There’s a pattern here. It took President Obama three days before he had something to say about the Arkansas attack. (By comparison, it only took him a few hours to give a press conference about the Chile earthquake yesterday.) What he did say about the Arkansas attack betrayed no awareness of its Islamist motivation, calling it “a senseless act of violence.”

“Senseless?,” asks Diane West:

This was an act of jihad, and both soldiers, along with the fallen and wounded at Fort Hood, should receive the Purple Hearts they deserve. Muhammad himself has made his jihadist intentions against the U.S. military clear, beginning first with his statement to police, and later in collect phone calls to the Associated Press from Pulaski County jail.

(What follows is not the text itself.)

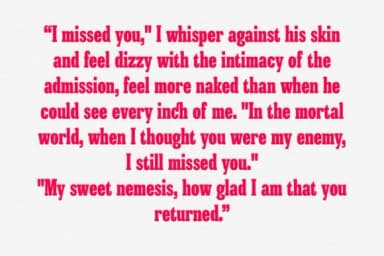 Ringlock by Maulana Creative — Slab Serif Font — thumbnail 2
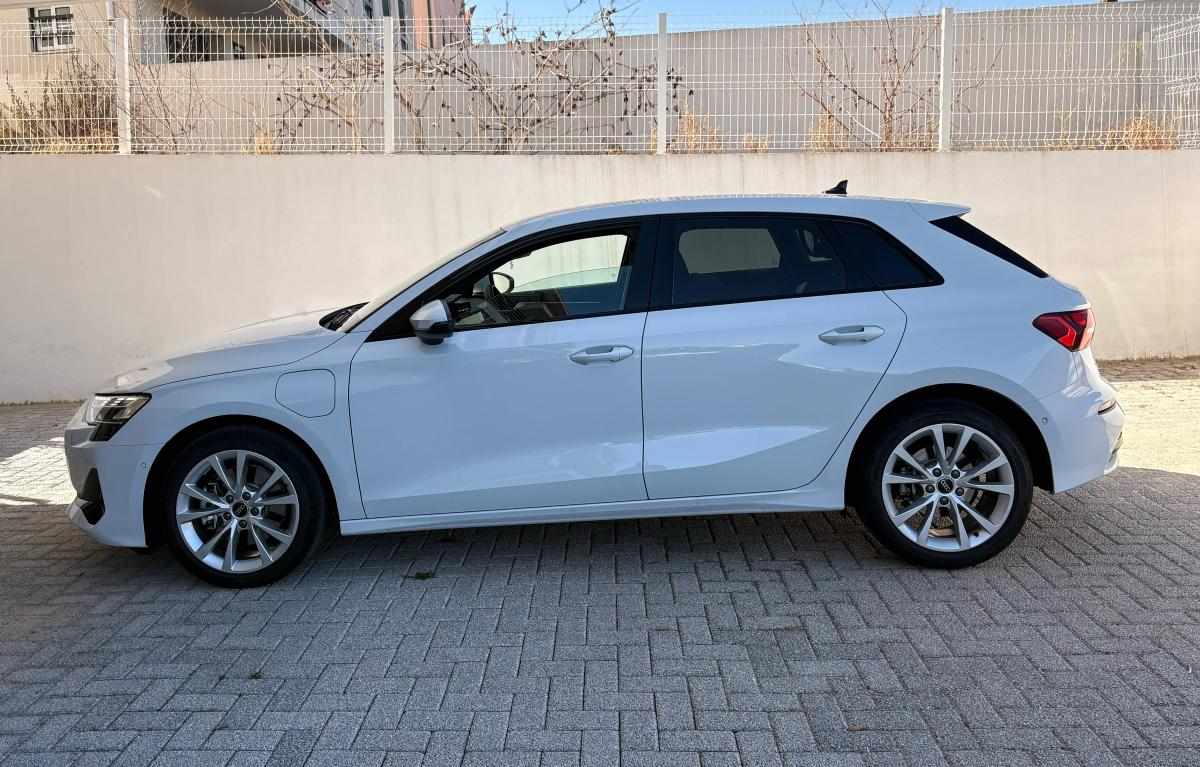 audi-a3-40-tfsi-e-2025-gasolina-1498cc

On June 9, the AP quoted Muhammad calling the attack "a act, for the sake of God, for the sake of Allah, the Lord of all the world, and also a retaliation on U.S. military." He wasn't guilty of murder, he said, "because murder is when a person kills another person without justified reason." Such a definition jibes with Islamic law, which, for example, permits the killing of "non-Muslims at war with Muslims." Muhammad also told the AP he wanted revenge against the U.S. military for its perceived offenses against Muslims and the Koran.
But in spite of knowing all this, Prosecutor Jegley told the New York Times he:
“considers (the attack) a straightforward murder case and that they intend to try it without delving into Mr. Muhammad’s religious conversion, political beliefs or possible ties to terrorists. ‘When you strip away what he says, self-serving or not, it's just an awful killing,’ said Larry Jegley. . . ‘It's like a lot of other killings we have.’”
“It is?” asks Diane West:

Do “a lot” of middle-class murder defendants in Pulaski County convert to Islam in 2004 and worship at an Ohio mosque frequented by convicted terrorists in 2005 and 2006? Do “a lot” of them travel to Yemen in 2007 where, ABC News reported, “it is believed that Muhammad attended the Damaj Institute, an Islamic institute attended by a number of radicalized U.S. converts (including) John Walker Lindh? Do “a lot” get themselves arrested for overstaying their visa in Yemen, and possessing a fake Somali passport? Do "a lot" finally get deported back to the States in 2008? (Bio highlights courtesy the NEFA Foundation.) Do “a lot” fire on U.S. soldiers at a military recruiting center?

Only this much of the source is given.